Assigned task:
Print, exactly as written, the line in the entries below that contains "Glass mug frosted" and every line after it up to and including the last. Omit pictures.

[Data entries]
········

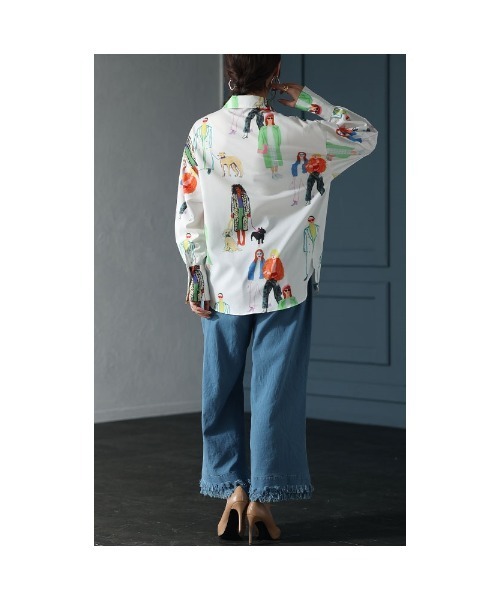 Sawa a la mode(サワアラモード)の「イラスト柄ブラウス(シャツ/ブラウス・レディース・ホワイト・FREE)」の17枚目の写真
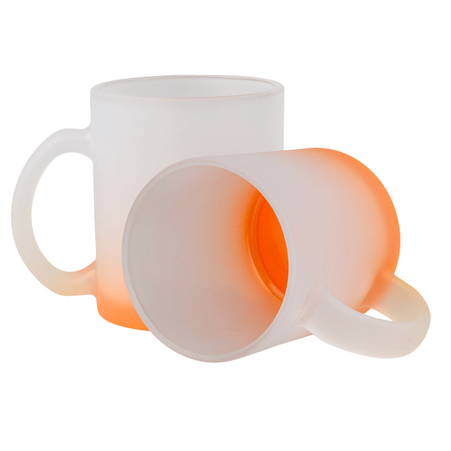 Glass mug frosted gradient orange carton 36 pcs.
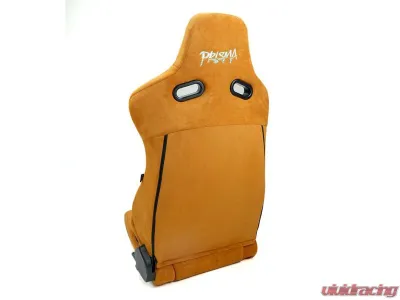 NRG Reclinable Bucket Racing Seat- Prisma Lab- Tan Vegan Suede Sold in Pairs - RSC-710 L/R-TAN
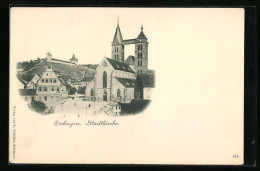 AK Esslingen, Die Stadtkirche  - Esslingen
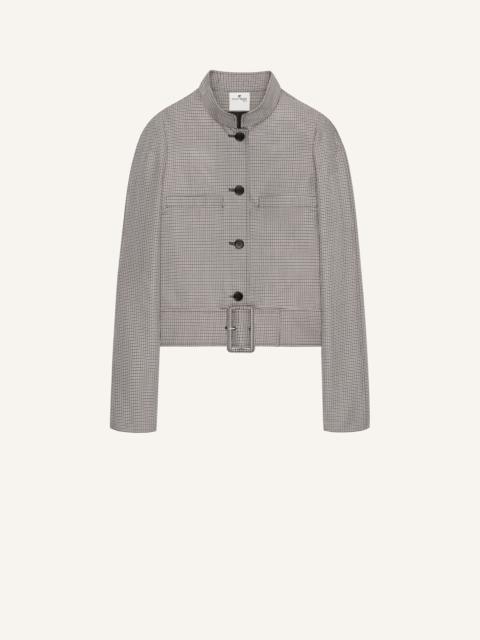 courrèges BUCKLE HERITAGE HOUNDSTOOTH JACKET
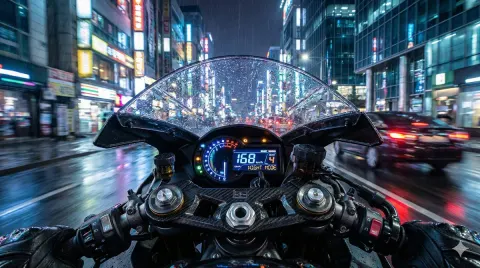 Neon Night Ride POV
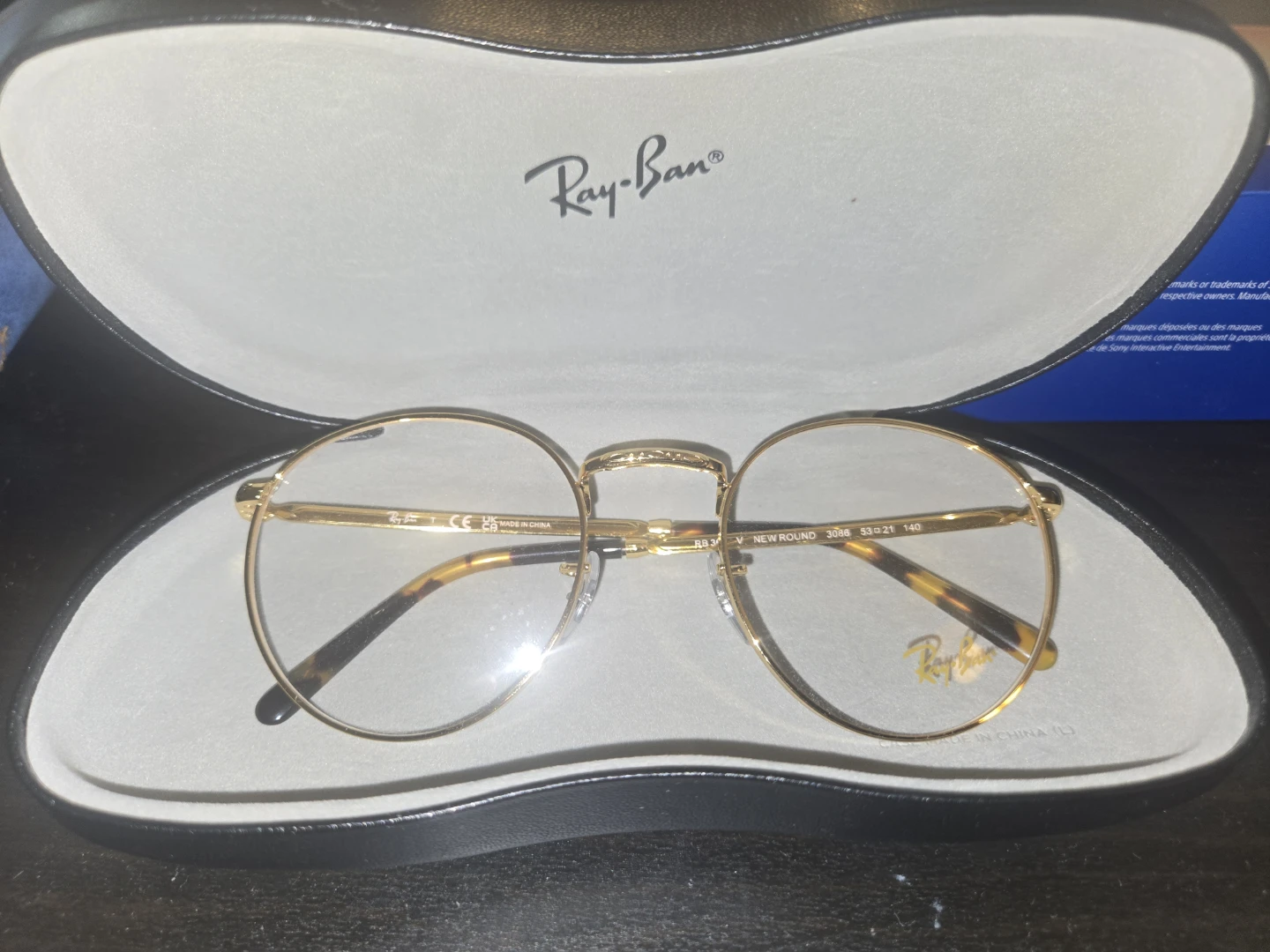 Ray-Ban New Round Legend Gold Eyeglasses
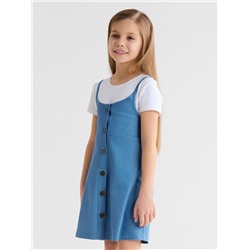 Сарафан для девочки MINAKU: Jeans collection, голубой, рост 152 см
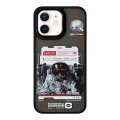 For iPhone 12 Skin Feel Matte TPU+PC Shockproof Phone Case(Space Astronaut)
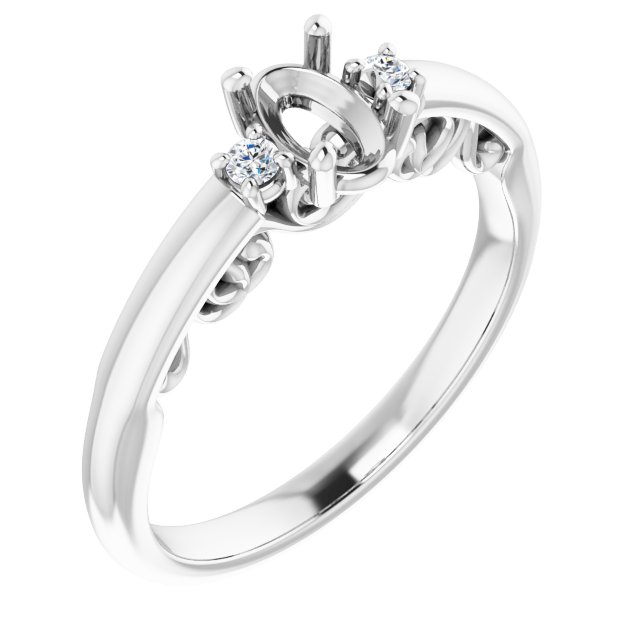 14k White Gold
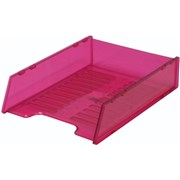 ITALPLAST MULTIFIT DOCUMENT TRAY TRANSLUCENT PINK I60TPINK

········

Response area:
 Glass mug frosted gradient orange carton 36 pcs.
 NRG Reclinable Bucket Racing Seat- Prisma Lab- Tan Vegan Suede Sold in Pairs - RSC-710 L/R-TAN
 AK Esslingen, Die Stadtkirche  - Esslingen
 courrèges BUCKLE HERITAGE HOUNDSTOOTH JACKET
 Neon Night Ride POV
 Ray-Ban New Round Legend Gold Eyeglasses
 Сарафан для девочки MINAKU: Jeans collection, голубой, рост 152 см
 For iPhone 12 Skin Feel Matte TPU+PC Shockproof Phone Case(Space Astronaut)
 14k White Gold
 ITALPLAST MULTIFIT DOCUMENT TRAY TRANSLUCENT PINK I60TPINK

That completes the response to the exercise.